Con l’inizio del nuovo anno la decisione di rimandare i figli all’asilo: «A gennaio 2021 hanno ricominciato entrambi – conclude Ilaria -. Avevano fatto il vaccino antinfluenzale, quindi mi sentivo più tranquilla per il bambino che portavo in grembo, poi ero stata rassicurata dai racconti delle altre mamme e alcuni timori che tutta questa situazione assurda mi aveva creato, non li avevo più».

In provincia di Varese la perdita di iscrizioni ha coinvolto sia gli asili statali sia quelli paritari. Una decrescita che, come evidenziato, non si può spiegare con il solo tema del calo demografico (secondo i dati Demo-Istat il Varesotto ha avuto il suo apice nel 2010 con 8.643 nuovi nati, per poi iniziare la discesa a partire dal 2011 e arrivare ai 6.265 nati del 2020).

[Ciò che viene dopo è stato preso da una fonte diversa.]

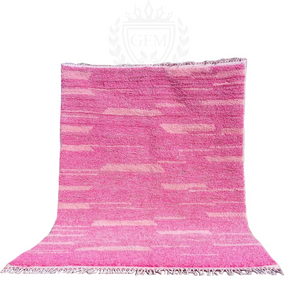 Moroccan Pink Rug - 6x9 ft - Beni Ourain - Handmade Wool Berber Rug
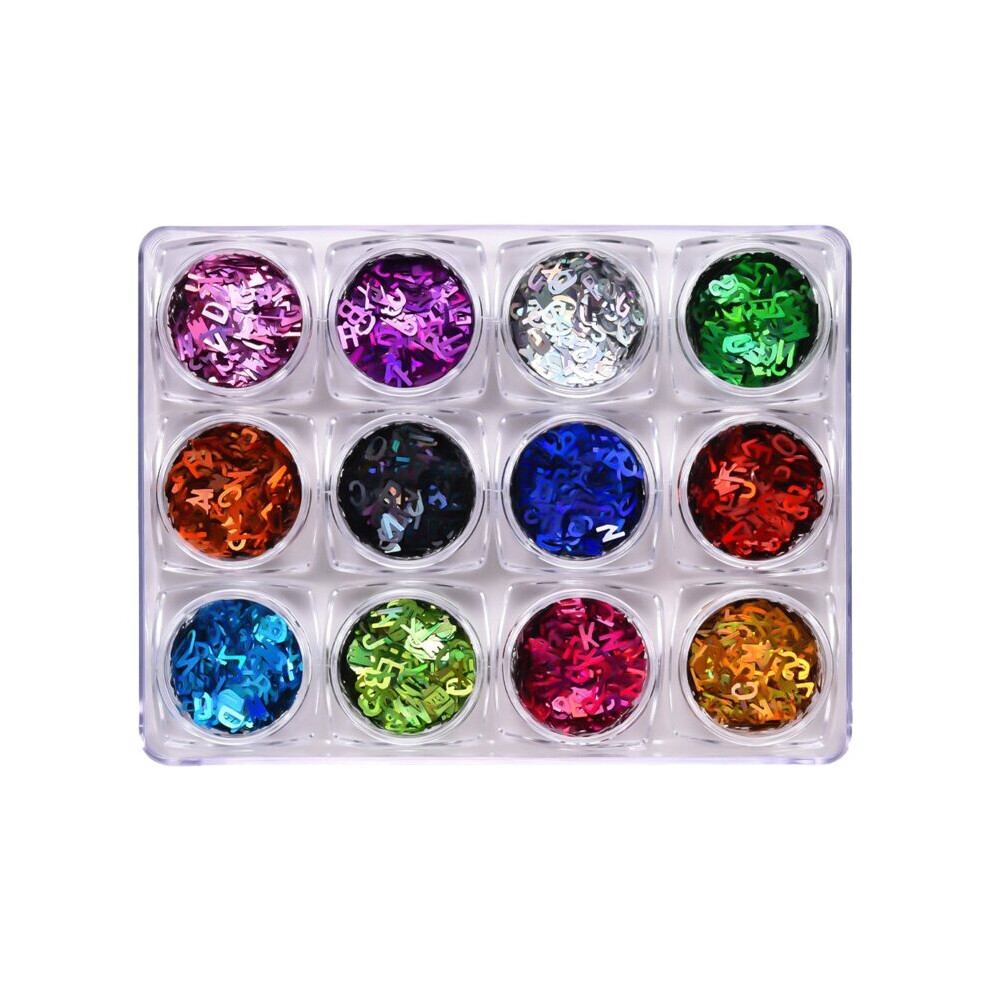 12Grids Letter Glitter Sequins Nail Art Flakes Colorful Christmas Glitter Sticker Decals Manicure Nail Art DIY Decor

A questo infatti si devono aggiungere sia la necessità di attuare politiche di conciliazione dei tempi scuola-lavoro per i genitori e l’attuazione di adeguati sostegni economici per le famiglie, sia la crescente fortuna degli asili nel bosco, o delle scuole di metodo alternative, che non si configurano come scuole vere e proprie ai fini delle rilevazioni.

Infine gli effetti tutti nuovi della pandemia, come ci aveva confermato Maria Chiara Moneta, presidente provinciale di Fism cui fanno riferimento circa 160 materne: «La sensazione è che ci siano molte famiglie spaventate dal Covid, sia perché ci sono particolari fragilità in casa o perché per i bambini così piccoli non è possibile l’uso di mascherina. Altri sono scoraggiati dal rischio che le classi rimangano chiuse per settimane per quarantena».